RacistMany Australians reacted with displeasure to the accusations of racism directed at us by the Indian media.

Voices (media, government and civil society) emanating from emerging powers such as India and China grow ever more confident and cutting in their criticisms of the old order, as their economic might grows and the sense of inferiority, a by-product of colonisation, ebbs away.

It is important to realise that, like Australia, India does not speak with one voice. Nevertheless, we have been hammered by India's tabloid media, and the treatment has been unfair.

It seems naïve to deny the possibility of racist elements in some or many of the attacks on Indian students, as it does to assume that racist motives are the catalyst for every attack that takes place. The true situation is certainly more complex than either alternative.

Expecting Indians to understand this, however, comes with an obligation, that Australians (public, media and government) should demonstrate greater awareness of the complexity which characterises most of the foreign issues we comment on.
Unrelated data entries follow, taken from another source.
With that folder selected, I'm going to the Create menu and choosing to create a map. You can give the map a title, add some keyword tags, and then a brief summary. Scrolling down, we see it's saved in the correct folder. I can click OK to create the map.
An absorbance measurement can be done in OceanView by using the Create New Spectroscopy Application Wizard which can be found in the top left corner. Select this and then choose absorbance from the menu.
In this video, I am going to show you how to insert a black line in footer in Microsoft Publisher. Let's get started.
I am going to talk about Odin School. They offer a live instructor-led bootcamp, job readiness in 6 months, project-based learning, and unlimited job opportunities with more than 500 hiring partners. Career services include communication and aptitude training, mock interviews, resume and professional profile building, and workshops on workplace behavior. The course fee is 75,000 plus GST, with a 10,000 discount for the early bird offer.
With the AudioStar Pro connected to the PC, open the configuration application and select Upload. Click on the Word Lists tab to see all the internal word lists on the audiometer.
This is the lesson Australians must draw from the ongoing row.

Just as many westerners were easily persuaded that we should be fearful of Muslims, post 9/11, the recent association of 'Australia' with 'racism' will ring true to many Indians. With the power of suggestion, it is no great leap to extrapolate from the particular (specific instances where verbal or physical abuse has been racially motivated) to the general (all attacks are racially motivated).
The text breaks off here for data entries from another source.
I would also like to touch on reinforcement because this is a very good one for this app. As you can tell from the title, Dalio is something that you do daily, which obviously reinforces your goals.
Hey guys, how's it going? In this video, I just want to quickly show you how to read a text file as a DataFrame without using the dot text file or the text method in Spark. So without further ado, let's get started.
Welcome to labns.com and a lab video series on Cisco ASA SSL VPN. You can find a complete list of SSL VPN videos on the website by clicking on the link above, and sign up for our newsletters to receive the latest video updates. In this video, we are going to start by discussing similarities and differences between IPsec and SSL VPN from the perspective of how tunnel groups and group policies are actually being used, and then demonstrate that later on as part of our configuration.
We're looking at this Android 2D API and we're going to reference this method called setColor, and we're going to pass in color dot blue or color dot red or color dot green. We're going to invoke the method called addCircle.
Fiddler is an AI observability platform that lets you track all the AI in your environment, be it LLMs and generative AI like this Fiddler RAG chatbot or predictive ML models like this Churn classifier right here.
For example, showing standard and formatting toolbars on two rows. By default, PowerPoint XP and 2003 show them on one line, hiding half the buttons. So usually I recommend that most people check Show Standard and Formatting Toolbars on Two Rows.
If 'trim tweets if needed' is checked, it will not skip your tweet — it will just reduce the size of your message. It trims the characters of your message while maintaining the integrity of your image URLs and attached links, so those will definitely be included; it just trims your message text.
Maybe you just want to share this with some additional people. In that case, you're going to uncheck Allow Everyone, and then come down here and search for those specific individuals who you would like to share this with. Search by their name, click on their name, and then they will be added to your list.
To withhold judgement and apply critical analysis requires effort. Australians are less accustomed to being the victims of such lazy thinking and politically motivated attacks than we are to employing these tools ourselves.
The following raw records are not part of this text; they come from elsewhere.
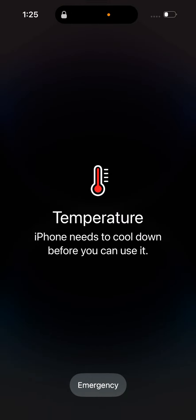Sometimes on iPhone you can see this screen that says 'Temperature - iPhone needs to cool down before you can use it.' So when does this happen? Obviously, it happens when you're using your phone in hot conditions.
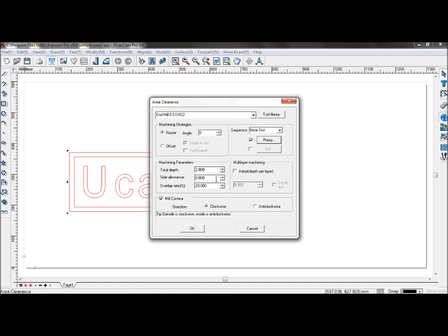Side allowance is the area outside the toolpath. Precision cutting can be achieved by setting a side allowance. You can leave it at 0 for that.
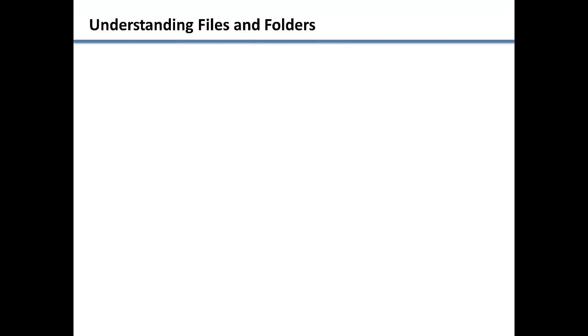When working with computers, it is very important to understand the system for organizing, storing, and locating your files and applications.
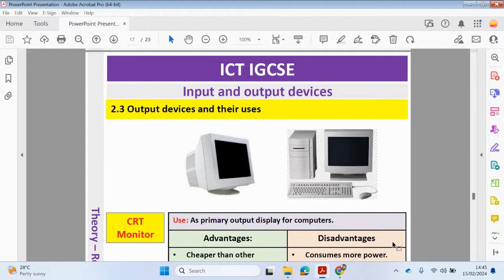Hi guys, welcome back to my YouTube channel. My name is Yasir Ahmed. In this video, we will be looking at Chapter 2, Input and Output Devices, and we're going to be focusing on 2.3, Output Devices and Their Uses. Please check out the previous videos where we looked at input devices and direct data entry devices.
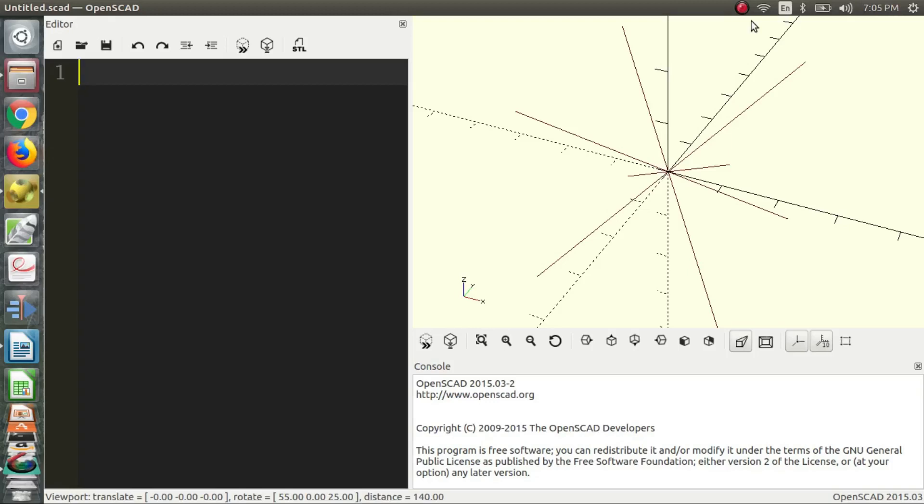Hi, my name is Charles, and welcome to part 6 of the OpenSCAD video series.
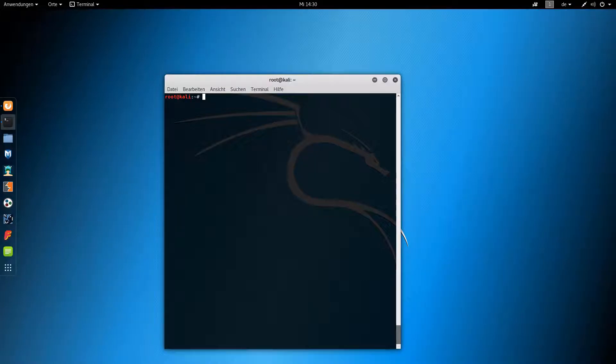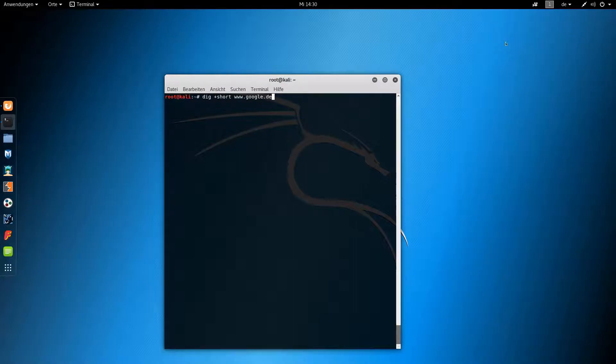If you want to query a DNS server to get the IP of a single domain, type the following. Pretty straightforward.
Some China supporters — veteran defenders of China's human rights record, its treatment of Tibetans, Uighurs and so on — will have monitored the development of this issue with interest. They were incandescent with rage when western campaigners took full advantage of the Beijing Olympic Games to promote the Tibet issue.

Now the tables have turned, and some may wonder how Australians feel about the tarnishing of our reputation. Rightly or wrongly, the Chinese in 2008, as Australians have in recent times, felt that reporting of these issues was sensationalist, distorted and unfair.

Among their complaints, activists for China point to inaccuracies in western media reporting. They argue that westerners are forgetful of China's long experience of foreign interference, that we fail to acknowledge China's significant achievements in lifting millions out of poverty, and that the western mindset with regards to China is locked in the Cultural Revolution or Tiananmen Square. They have a point.

The Chinese media certainly took notice when the difficulties experienced by foreign students in Australia came to prominence last year. The multi-billion dollar education industry in Australia 'is under threat by a re-emergence of racist attitudes against international students', wrote Shen Gang for the China Daily.

There is awkwardness in the Australian response to reporting of the attacks on Indians. No one wants to be seen to blame the victims. Regardless, the blanket accusations of racism disseminated by sections of the Indian media should not go unchallenged; it is appropriate to point out that India is hardly a bastion of tolerance.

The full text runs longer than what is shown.